Electronic publications (that have no physical form, such as ebooks, though not those distributed on physical media like CDs) are not covered by the current Act, and this means that legal deposit is not required for them, though it is being planned for.

In March 2012 the federal Attorney General’s department released a consultation paper that recommends that legal deposit be extended to cover all electronic publications. In theory this is a sensible proposal. In practice, however, it is ludicrous. Taken literally, it would require the NLA to archive everything published on the internet in Australia. This is likely to be impossible.

The proposal addresses this by suggesting that the archiving of online publications be ‘on demand’ rather than automatic, in other words that some publishers would be told to provide legal deposit copies (presumably based on their relevance).

Returning to the present, because legal deposit includes print on demand books, anyone making one through services like Blurb Australia or any other Australian (or Australian based subsidiary of a foreign) publisher must provide legal deposit copies to the National Library of Australia and their relevant state library, in my case the State Library of Victoria (SLV).

I am sure that most users of such services (and the businesses themselves) are not aware of this legal requirement, which is usually known about only by people who work in publishing. This law is an archaic remnant of the industrial age, where only media corporations published books. This is of course no longer the case. Thousands of people in Australia are likely to have broken the law without knowing it.

The only mention of legal deposit on the Blurb website of is a user generated question in a forum. Given that companies like Blurb facilitate the creation of self-published books, they may have some legal liability in this regard. It surprises me that they do not provide advice and link to the relevant NLA information.

In a print run of thousands of copies, with dozens set aside to be given away as marketing and promotional copies, giving two free copies to the state is a trivial undertaking. For individuals experimenting with self-publishing, it may be more onerous.

Many self-publishers are unlikely to make money from their creative efforts, and the cost of printing copies for the state is an unreasonable imposition. This point is made by the Australian Copyright Council in its April 2012 submission to the Attorney General’s consultation paper. Google’s response is also worth reading.

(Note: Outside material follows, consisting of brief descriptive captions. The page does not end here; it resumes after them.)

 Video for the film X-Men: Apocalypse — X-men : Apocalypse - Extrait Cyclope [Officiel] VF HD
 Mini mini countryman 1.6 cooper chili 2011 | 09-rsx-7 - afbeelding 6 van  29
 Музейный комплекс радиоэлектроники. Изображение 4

Some time ago I made a couple of print on demand books for family members containing family and travel photos. They were well received and I enjoyed making them, but they were private and I did not consider that they were a publication as such as they were not available to the public. I therefore did not make legal deposits for them.

Now I’m planning to do a book about Fitzroy and I want to sell it to the public. This introduces a significant problem, because all book publishers are required by law to provide legal deposit copies, but I don’t plan on wasting money printing books for legal deposit.

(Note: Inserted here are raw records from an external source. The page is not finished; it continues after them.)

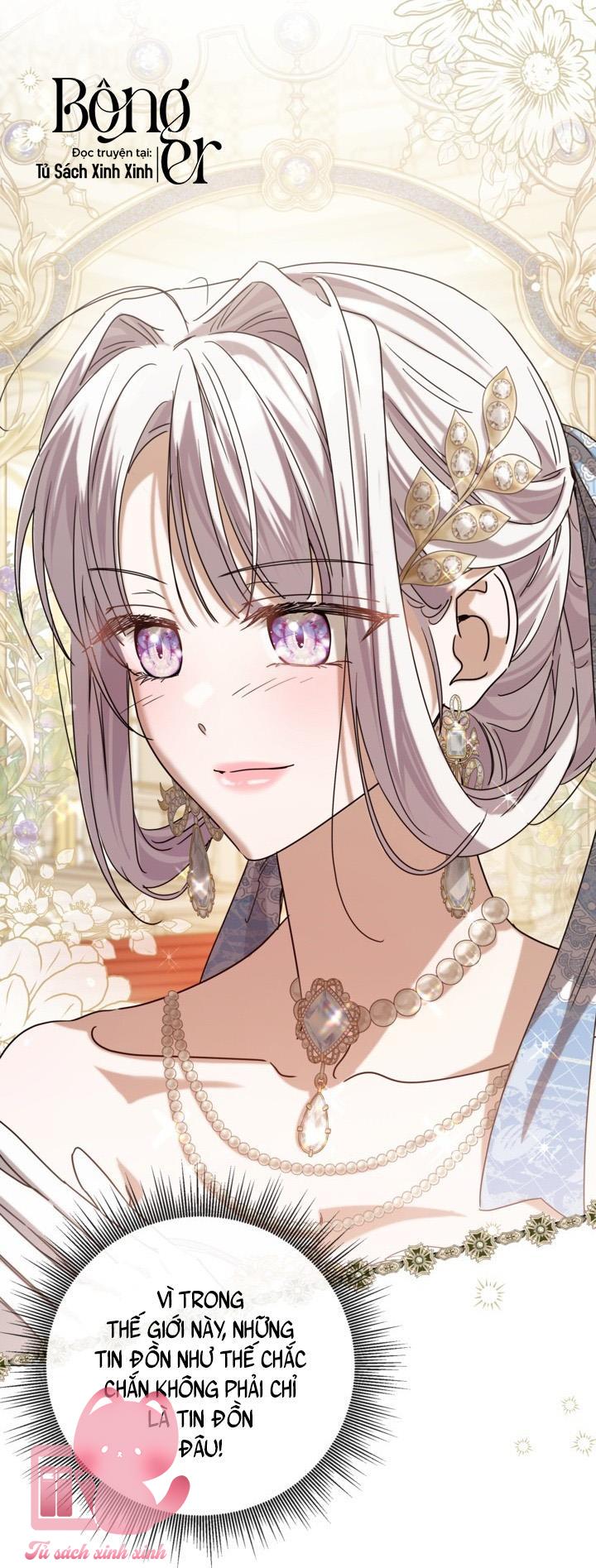 Hoàng Nữ Cosplay NonFan - Chap 68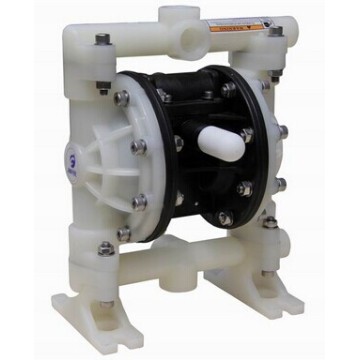 Air Operated Diaphragm Pump (AODD Pump)
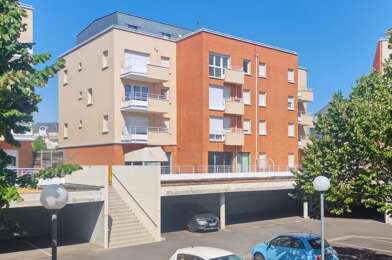 Appartement 3 pièces 197000 €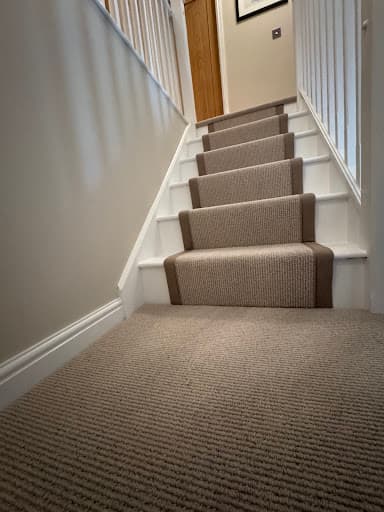 Fox Flooring — Customer photo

Some years ago I refused to allow Fitzroyalty to be indexed by the NLA’s Pandora project that archives electronic publications because they failed to satisfy me that their method, which involved making a static copy of a dynamic site and republishing it, would not undermine the traffic to my original live site. They seemed to have no idea of the implications of their activities for search engine optimisation.

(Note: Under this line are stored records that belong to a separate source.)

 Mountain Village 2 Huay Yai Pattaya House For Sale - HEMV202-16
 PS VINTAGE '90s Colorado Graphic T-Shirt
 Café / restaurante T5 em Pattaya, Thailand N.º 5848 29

I would welcome the archiving. It is the publishing of the inferior static archive in direct competition to the live dynamic original that concerns me. The NLA had nothing to say about this and they clearly did not understand the technical or conceptual issues involved. They demonstrated themselves to be fundamentally incompetent.

I’m equally unimpressed now to find I am expected to pay money to meet the requirements of a law I consider to be irrelevant. Electronic publications are currently not subject to the law, meaning that I can publish and sell an ebook in Australia or elsewhere without paying what is effectively a tax to the state. But I want to make a book that is available as an ebook and by print on demand.

The solution seems to be to publish it outside Australia, because books published outside Australia are not bound by this law. This effectively means that if a self-publisher wants to produce a print on demand book lawfully in Australia without being forced to waste money printing two copies for legal deposit, they should use an off-shore publisher like the Blurb US parent company.

This again is ludicrous. This law has undesirable unintended consequences. It is anti-competitive in that it encourages self-publishers to publish off-shore. It drives money and work out of the country.

The law is rarely enforced. I once worked for an educational publisher that was not aware of its existence (though they were incompetent) and I had to organise a deposit for dozens of books from recent years. Although you can be fined $100 for not providing legal deposit copies, I’ve never heard of a fine being issued. The issue is of monitoring compliance – the NLA is usually not aware of publications it has not collected.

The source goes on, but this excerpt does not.